The apocalypse will be televised, and it will be presented by a pink-clad North Korean woman announcing the news at a near scream.
Ri Chun-hee is the most prominent face on the North’s Korean Central Television, appearing nearly every time the country takes a step towards fulfilling its nuclear ambitions, delivering the state’s proclamations in a booming voice and brimming with gusto.
“The test of a hydrogen bomb designed to be mounted on our intercontinental ballistic missile was a perfect success,” Ri said this weekend, as she quaked with excitement in reporting North Korea’s most powerful nuclear detonation yet. “It was a very meaningful step in completing the national nuclear weapons program.”
The 74-year-old is known as “the people’s broadcaster” and is partial to bright pink outfits. She typically sports a hanbok, traditional Korean attire, although she has been seen in western-style suits, complete with shoulder pads and, of course, in her trademark colour. Her thunderous voice speaks for the regime in a country where leader Kim Jong-un rarely addresses his people directly. But who is the “pink lady” of North Korea?
Ri was born in 1943 into a poor family in Tongchong in what is now southeastern North Korea and studied performance art at Pyongyang University of Theatre. She joined KCTV in 1971 and was promoted to chief news presenter just three years later. Over several decades, she has dodged demotions and survived political purges – common pitfalls for any job in North Korea – that ended the careers of many of her colleagues.
Her melodramatic delivery has reportedly won Ri the admiration of current leader Kim Jong-un, essential for surviving under what experts describe as the most brutal regime to date.
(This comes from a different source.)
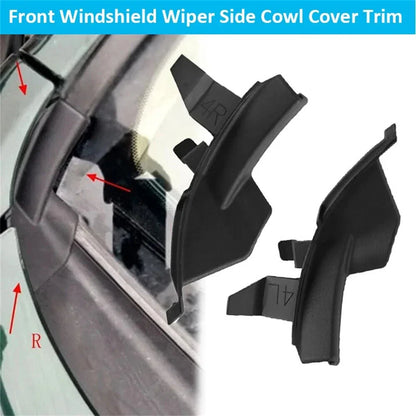 Front Windscreen Wiper Side Cowl Covers for Lexus GX470 (2003-2009)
She rarely departs from her bellicose style, though she wept on air when announcing the death of North Korea’s first leader Kim Il-sung, and the subsequent passing of his son and successor, Kim Jong-il.
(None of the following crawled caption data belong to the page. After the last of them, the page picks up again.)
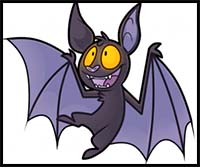 How to Draw a Vampire Bat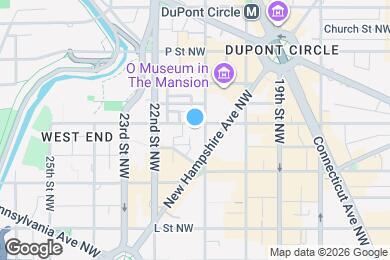 Map image of the property - 1280 21st St NW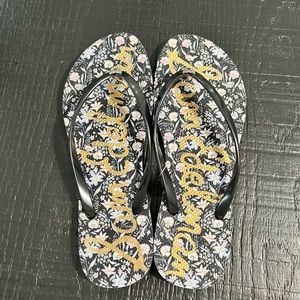 Sam Edelman Flip Flops size 8.5 Black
Although she officially retired in 2012, Ri has made occasional comebacks for important military announcements and now spends most of her time training the next generation of presenters.
Before her retirement, she was a regular fixture on the nightly news, beamed into homes across the country announcing the daily happenings of the country’s leader: visits to steel mills, tours of cabbage fields and inspections of military bases.
In a rare profile in 2009, the state-run Chosun Monthly magazine reported that she lives a life of luxury in Pyongyang with her husband, children and grandchildren.
“[Her] voice grew to have an appeal, so that whenever she would speak on the news, viewers were touched,” the magazine said. “When Ri announced reports and statements, enemies would tremble in fear.”